### THE PROBLEM
Give back the data exactly, with no images.

-------- GIVEN INFORMATION

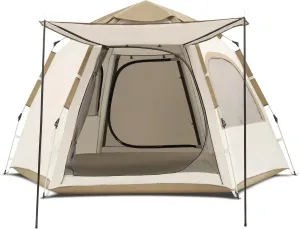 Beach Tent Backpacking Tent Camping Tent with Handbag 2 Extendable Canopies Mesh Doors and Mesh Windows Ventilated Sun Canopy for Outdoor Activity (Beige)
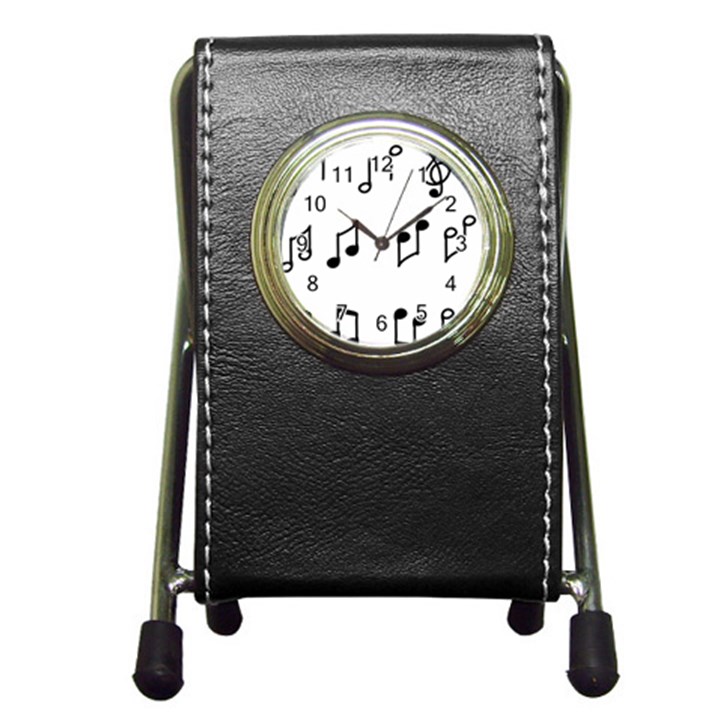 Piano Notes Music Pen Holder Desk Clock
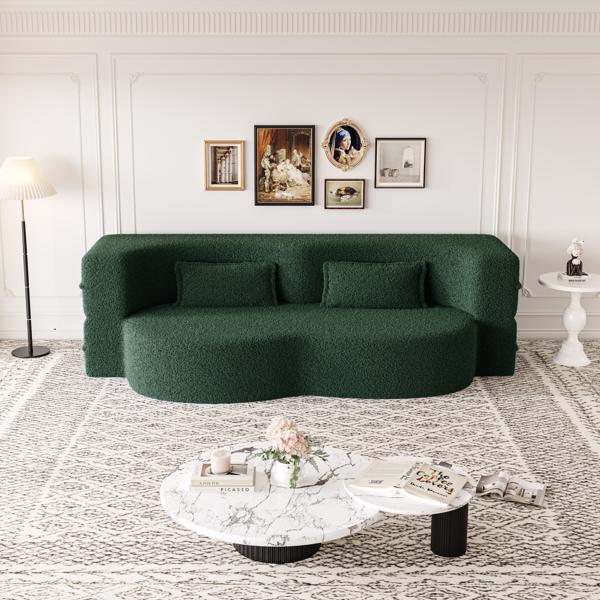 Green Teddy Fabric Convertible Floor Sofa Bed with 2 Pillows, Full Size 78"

----------------

### EXPECTED ANSWER
 Beach Tent Backpacking Tent Camping Tent with Handbag 2 Extendable Canopies Mesh Doors and Mesh Windows Ventilated Sun Canopy for Outdoor Activity (Beige)
 Piano Notes Music Pen Holder Desk Clock
 Green Teddy Fabric Convertible Floor Sofa Bed with 2 Pillows, Full Size 78"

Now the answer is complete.